= Aim of the exercise =
Look through the entries below and extract exactly the lines from the one containing "[Hearth.com] Three dog night load." through the one containing "Espoma Orchid! packaging", ends included.

= Data to examine =
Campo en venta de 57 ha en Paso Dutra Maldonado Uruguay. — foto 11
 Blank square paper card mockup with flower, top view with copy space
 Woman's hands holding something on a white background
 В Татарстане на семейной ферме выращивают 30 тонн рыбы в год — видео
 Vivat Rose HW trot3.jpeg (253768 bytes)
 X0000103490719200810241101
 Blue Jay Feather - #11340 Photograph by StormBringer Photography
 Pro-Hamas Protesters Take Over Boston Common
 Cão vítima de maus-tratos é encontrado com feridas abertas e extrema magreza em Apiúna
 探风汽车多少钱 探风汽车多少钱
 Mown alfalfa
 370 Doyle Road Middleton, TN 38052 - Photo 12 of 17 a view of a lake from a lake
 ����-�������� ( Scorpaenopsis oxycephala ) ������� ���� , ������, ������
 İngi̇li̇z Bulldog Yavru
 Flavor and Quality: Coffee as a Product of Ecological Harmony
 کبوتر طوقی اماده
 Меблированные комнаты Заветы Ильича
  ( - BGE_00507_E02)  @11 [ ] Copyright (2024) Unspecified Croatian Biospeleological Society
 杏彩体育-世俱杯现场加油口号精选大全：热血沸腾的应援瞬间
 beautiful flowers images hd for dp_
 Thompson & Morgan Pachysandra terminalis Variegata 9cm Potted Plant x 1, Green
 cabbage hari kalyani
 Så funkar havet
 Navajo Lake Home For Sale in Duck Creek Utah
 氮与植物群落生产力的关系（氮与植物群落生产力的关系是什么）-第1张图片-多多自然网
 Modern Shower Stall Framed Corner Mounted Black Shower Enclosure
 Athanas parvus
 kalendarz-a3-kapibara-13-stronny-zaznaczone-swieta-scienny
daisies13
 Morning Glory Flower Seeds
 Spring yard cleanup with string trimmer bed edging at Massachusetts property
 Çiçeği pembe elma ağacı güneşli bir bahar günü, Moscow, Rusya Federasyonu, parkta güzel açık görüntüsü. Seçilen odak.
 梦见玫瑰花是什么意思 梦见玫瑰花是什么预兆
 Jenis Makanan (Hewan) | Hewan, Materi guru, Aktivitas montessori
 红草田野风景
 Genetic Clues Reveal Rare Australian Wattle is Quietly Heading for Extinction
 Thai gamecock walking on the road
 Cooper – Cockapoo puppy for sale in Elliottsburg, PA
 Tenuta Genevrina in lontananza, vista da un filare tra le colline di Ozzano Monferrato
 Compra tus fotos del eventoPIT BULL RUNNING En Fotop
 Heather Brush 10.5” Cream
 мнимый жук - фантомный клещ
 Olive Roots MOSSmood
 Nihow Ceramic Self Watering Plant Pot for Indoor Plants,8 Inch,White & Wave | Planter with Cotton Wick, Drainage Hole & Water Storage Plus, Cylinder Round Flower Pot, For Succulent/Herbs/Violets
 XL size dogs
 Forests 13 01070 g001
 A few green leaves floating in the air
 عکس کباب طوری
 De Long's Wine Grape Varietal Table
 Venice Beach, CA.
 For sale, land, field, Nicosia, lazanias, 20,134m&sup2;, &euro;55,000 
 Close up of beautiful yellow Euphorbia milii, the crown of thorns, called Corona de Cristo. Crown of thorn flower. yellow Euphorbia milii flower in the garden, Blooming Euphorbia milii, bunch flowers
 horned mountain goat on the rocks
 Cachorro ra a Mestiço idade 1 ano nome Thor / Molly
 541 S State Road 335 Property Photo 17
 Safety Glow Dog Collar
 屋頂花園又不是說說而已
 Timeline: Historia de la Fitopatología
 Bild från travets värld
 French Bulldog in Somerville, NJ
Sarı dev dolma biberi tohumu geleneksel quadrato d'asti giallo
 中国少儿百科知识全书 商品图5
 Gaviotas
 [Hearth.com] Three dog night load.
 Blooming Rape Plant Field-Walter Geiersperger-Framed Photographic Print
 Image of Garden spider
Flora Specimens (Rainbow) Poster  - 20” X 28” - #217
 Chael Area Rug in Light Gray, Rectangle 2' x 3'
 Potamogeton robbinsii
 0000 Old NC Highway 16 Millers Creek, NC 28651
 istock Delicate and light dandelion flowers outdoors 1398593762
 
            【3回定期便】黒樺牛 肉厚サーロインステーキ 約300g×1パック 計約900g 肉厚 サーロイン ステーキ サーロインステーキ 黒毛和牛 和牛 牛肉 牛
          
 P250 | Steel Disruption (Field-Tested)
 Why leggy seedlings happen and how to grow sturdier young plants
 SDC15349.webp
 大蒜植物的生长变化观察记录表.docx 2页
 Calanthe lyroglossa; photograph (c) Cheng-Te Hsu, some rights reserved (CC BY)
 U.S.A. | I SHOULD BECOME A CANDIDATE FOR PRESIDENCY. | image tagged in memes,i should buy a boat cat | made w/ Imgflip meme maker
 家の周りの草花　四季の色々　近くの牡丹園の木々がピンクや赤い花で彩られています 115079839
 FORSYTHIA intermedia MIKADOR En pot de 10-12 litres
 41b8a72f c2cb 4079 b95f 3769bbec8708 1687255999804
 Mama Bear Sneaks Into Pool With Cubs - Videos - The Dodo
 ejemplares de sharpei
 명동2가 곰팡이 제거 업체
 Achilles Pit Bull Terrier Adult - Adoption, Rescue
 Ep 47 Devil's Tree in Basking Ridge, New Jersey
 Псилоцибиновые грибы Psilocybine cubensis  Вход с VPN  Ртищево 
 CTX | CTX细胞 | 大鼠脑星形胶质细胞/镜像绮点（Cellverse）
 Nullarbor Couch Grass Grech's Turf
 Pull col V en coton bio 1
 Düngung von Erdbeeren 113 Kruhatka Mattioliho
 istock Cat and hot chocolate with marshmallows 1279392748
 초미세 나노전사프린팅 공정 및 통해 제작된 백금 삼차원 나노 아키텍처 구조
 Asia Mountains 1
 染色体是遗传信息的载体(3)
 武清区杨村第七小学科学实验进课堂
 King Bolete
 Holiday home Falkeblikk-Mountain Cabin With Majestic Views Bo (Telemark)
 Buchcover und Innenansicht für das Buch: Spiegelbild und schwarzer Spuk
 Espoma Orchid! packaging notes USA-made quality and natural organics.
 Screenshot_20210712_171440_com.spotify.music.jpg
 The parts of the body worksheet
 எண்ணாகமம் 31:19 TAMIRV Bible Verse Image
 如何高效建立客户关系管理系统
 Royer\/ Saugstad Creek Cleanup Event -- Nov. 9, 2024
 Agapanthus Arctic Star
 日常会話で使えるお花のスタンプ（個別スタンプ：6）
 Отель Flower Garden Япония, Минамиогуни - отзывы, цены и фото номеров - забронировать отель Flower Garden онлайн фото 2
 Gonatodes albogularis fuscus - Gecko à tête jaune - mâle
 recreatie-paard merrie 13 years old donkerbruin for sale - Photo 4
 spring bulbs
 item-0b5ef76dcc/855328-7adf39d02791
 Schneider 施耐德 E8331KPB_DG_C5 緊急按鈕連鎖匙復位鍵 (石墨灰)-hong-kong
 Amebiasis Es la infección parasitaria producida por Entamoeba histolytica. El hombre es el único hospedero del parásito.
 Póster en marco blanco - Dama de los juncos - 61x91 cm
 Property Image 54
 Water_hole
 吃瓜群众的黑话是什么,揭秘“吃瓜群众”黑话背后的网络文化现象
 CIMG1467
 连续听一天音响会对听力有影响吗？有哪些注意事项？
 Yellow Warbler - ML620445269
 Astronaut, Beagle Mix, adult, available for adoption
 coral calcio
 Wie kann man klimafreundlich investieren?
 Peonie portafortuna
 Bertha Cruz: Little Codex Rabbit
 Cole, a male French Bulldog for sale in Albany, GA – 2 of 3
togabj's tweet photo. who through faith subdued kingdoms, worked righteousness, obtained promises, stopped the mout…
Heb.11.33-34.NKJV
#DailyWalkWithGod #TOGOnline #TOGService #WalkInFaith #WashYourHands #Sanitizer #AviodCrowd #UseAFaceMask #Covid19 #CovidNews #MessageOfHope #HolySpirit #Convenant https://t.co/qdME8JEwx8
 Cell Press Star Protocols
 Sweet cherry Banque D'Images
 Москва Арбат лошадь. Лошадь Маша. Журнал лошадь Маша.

= Your response =
 [Hearth.com] Three dog night load.
 Blooming Rape Plant Field-Walter Geiersperger-Framed Photographic Print
 Image of Garden spider
Flora Specimens (Rainbow) Poster  - 20” X 28” - #217
 Chael Area Rug in Light Gray, Rectangle 2' x 3'
 Potamogeton robbinsii
 0000 Old NC Highway 16 Millers Creek, NC 28651
 istock Delicate and light dandelion flowers outdoors 1398593762
 
            【3回定期便】黒樺牛 肉厚サーロインステーキ 約300g×1パック 計約900g 肉厚 サーロイン ステーキ サーロインステーキ 黒毛和牛 和牛 牛肉 牛
          
 P250 | Steel Disruption (Field-Tested)
 Why leggy seedlings happen and how to grow sturdier young plants
 SDC15349.webp
 大蒜植物的生长变化观察记录表.docx 2页
 Calanthe lyroglossa; photograph (c) Cheng-Te Hsu, some rights reserved (CC BY)
 U.S.A. | I SHOULD BECOME A CANDIDATE FOR PRESIDENCY. | image tagged in memes,i should buy a boat cat | made w/ Imgflip meme maker
 家の周りの草花　四季の色々　近くの牡丹園の木々がピンクや赤い花で彩られています 115079839
 FORSYTHIA intermedia MIKADOR En pot de 10-12 litres
 41b8a72f c2cb 4079 b95f 3769bbec8708 1687255999804
 Mama Bear Sneaks Into Pool With Cubs - Videos - The Dodo
 ejemplares de sharpei
 명동2가 곰팡이 제거 업체
 Achilles Pit Bull Terrier Adult - Adoption, Rescue
 Ep 47 Devil's Tree in Basking Ridge, New Jersey
 Псилоцибиновые грибы Psilocybine cubensis  Вход с VPN  Ртищево 
 CTX | CTX细胞 | 大鼠脑星形胶质细胞/镜像绮点（Cellverse）
 Nullarbor Couch Grass Grech's Turf
 Pull col V en coton bio 1
 Düngung von Erdbeeren 113 Kruhatka Mattioliho
 istock Cat and hot chocolate with marshmallows 1279392748
 초미세 나노전사프린팅 공정 및 통해 제작된 백금 삼차원 나노 아키텍처 구조
 Asia Mountains 1
 染色体是遗传信息的载体(3)
 武清区杨村第七小学科学实验进课堂
 King Bolete
 Holiday home Falkeblikk-Mountain Cabin With Majestic Views Bo (Telemark)
 Buchcover und Innenansicht für das Buch: Spiegelbild und schwarzer Spuk
 Espoma Orchid! packaging notes USA-made quality and natural organics.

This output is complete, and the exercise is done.